All you need is a whole bunch of buttons (we always save the extras that come with new shirts and pants and store them in an old jam jar), a long piece of thread, and a pair (or two!) of little hands. We don’t use a needle for threading, but let them try to thread the string right through the button holes.
Start with the thread: you will want to tie one button on the end of the thread to prevent the rest from falling off, obviously. We also used thread that was a bit stiffer so it is easier to manipulate through the small button holes.

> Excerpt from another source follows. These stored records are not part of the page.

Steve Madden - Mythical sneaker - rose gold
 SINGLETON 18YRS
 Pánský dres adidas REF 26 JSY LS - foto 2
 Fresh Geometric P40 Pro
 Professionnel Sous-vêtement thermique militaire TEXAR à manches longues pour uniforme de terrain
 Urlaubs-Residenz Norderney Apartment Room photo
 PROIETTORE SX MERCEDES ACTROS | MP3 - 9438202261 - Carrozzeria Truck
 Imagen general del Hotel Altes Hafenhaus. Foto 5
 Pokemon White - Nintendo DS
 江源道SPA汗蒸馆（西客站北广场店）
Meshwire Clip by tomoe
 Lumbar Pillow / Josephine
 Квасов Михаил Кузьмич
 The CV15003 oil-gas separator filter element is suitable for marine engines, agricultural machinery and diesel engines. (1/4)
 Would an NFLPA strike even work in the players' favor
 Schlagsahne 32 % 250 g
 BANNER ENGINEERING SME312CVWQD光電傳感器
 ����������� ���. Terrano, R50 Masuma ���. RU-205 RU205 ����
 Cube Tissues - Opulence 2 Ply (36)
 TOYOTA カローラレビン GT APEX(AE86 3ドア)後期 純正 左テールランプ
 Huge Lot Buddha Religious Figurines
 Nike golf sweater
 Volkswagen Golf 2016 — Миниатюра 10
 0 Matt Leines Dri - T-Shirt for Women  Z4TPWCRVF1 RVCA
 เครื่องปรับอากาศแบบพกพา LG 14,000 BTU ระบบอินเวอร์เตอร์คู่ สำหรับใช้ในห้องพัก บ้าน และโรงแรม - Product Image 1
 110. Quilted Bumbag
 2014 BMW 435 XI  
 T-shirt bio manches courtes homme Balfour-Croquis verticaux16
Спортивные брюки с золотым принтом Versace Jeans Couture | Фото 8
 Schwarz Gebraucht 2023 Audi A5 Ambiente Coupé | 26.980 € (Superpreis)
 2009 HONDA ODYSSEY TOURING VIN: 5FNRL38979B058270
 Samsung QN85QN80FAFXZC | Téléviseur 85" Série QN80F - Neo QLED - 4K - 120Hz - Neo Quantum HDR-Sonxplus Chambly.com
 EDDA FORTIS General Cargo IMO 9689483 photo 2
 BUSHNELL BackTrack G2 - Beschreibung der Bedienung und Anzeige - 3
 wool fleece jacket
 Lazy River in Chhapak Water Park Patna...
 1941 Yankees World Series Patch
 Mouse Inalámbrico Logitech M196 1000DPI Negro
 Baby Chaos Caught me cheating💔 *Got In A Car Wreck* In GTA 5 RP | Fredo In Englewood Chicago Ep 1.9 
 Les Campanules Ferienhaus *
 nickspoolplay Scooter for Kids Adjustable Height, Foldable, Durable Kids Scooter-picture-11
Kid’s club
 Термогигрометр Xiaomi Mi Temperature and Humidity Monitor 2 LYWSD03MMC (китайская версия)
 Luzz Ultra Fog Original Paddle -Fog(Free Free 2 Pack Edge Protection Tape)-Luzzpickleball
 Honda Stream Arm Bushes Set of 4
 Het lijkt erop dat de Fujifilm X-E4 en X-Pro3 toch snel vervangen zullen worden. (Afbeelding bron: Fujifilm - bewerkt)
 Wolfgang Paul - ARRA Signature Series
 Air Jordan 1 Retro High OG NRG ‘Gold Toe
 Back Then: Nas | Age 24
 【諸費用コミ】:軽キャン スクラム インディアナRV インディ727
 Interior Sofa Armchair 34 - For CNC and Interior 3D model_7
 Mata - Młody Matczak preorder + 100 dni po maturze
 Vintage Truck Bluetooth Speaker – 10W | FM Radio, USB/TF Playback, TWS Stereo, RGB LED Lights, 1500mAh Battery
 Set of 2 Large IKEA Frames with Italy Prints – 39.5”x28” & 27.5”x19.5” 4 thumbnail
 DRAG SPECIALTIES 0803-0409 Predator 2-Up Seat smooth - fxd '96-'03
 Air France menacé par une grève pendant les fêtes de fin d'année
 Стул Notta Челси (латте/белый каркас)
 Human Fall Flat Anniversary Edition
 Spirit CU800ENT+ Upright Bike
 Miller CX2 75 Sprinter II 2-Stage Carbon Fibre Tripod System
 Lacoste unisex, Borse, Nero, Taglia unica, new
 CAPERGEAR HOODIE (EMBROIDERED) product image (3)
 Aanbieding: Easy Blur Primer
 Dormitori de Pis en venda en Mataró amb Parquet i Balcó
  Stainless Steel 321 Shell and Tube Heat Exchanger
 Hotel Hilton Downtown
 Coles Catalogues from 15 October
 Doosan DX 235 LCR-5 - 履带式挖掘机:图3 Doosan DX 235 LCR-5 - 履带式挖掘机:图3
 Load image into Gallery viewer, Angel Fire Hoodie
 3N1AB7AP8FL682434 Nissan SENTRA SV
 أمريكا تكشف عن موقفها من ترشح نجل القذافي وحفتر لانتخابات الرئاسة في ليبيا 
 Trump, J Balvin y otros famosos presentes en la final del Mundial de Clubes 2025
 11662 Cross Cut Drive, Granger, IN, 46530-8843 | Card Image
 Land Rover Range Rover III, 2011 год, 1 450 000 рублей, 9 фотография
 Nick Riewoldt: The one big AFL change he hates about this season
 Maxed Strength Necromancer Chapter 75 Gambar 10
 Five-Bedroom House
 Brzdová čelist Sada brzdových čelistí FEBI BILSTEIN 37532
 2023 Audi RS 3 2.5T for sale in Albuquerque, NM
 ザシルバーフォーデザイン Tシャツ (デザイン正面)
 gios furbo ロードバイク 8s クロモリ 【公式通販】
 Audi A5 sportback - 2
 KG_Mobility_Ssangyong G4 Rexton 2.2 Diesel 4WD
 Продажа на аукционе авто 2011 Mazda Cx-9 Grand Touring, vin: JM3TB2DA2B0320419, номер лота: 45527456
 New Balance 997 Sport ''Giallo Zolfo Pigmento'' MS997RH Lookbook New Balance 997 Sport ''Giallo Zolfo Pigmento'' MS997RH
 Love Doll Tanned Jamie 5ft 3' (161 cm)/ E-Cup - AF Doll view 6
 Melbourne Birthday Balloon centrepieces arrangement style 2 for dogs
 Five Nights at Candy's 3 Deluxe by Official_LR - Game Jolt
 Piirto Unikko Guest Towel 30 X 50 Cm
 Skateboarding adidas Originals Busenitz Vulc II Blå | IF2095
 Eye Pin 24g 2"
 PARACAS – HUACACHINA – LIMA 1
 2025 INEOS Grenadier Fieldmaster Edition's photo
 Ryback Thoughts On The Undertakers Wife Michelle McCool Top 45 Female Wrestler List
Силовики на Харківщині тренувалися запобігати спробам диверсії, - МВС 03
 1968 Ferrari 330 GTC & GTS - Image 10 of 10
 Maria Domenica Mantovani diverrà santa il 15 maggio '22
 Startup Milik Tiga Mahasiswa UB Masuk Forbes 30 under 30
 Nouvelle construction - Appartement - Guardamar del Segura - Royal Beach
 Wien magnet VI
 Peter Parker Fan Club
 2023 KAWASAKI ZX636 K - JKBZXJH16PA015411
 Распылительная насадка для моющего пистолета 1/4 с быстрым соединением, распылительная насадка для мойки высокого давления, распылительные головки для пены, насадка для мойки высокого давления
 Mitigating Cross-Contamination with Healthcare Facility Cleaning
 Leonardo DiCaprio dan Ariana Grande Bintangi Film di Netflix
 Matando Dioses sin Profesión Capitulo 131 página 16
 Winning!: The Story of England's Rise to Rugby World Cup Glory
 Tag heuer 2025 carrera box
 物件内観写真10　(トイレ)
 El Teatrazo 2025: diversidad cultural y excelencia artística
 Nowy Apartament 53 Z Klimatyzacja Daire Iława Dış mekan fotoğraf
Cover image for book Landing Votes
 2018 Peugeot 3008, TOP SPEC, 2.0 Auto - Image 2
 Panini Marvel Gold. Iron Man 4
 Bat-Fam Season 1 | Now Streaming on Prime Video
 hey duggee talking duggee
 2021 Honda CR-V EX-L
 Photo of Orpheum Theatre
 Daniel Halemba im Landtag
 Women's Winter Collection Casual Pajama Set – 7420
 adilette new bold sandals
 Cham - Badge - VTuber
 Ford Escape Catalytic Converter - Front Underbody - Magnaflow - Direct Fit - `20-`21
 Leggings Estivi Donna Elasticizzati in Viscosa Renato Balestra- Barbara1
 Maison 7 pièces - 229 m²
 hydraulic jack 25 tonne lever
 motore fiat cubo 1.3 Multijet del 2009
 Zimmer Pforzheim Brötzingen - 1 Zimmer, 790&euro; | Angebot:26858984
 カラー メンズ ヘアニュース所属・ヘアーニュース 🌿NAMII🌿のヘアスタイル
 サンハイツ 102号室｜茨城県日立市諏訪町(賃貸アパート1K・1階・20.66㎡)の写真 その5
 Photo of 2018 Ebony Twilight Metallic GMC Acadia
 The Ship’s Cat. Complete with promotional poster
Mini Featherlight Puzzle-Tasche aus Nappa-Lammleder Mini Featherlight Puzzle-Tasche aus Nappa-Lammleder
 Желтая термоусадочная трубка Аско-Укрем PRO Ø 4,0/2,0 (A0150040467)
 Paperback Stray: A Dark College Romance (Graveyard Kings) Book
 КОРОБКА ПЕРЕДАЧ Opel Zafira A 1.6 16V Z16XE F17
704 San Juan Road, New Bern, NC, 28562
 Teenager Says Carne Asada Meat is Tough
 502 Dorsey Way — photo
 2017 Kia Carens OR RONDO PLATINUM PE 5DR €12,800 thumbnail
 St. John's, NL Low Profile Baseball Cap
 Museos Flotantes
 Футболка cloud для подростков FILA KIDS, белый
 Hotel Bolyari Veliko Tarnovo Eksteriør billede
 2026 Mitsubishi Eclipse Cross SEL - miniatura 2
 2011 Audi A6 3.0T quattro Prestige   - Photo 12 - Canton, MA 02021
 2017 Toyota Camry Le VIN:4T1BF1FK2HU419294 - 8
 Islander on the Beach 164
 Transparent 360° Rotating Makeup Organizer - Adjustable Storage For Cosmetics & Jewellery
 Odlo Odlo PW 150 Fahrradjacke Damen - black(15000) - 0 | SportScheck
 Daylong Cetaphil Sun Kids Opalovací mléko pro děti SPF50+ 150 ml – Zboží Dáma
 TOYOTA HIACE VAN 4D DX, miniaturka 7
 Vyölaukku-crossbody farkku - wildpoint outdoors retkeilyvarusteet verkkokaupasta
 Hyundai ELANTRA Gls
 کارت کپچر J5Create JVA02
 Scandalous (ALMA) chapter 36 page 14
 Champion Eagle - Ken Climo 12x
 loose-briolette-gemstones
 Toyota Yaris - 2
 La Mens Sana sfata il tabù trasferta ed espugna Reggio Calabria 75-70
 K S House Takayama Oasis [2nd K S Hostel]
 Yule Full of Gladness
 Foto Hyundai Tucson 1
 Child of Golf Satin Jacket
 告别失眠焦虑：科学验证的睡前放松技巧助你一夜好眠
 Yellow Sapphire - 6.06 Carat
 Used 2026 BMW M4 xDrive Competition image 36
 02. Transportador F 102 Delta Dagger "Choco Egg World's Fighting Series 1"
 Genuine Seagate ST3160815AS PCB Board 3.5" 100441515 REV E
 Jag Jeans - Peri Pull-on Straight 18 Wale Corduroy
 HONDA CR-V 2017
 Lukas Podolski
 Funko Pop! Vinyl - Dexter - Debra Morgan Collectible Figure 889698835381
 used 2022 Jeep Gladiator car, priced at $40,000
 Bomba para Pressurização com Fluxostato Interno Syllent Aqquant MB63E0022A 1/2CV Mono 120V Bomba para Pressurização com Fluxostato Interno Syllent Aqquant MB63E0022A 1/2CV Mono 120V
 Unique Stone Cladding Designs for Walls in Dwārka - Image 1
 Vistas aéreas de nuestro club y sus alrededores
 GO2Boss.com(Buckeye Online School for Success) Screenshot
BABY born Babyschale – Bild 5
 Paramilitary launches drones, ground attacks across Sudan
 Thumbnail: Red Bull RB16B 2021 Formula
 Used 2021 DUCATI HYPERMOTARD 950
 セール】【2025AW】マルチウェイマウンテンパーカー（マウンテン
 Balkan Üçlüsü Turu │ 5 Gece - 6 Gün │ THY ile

Let them thread as many buttons as they’d like onto the thread. Encourage them to make patterns or organize the buttons from largest to smallest, or even to group them according to color or shade. They can tie the string into a necklace when they are finished, or just return the buttons to the jar. Another fun thing to do is for one to hold one end of the thread and pass the button down the thread to the other person. This requires one to stand higher than the other, but it is lots of fun. They pretend that the button is a person using a zip line!
Milo and Oliver loved this activity, and shared the buttons well. They enjoyed searching for interesting colors, shapes, and patterns, and making different patterns on the string. Plus, it melted my heart to see them interacting so well. Especially since there has been a lot more… eh-em… physicality between those two lately. Okay, I’ll say it. They are like bear cubs who can punch.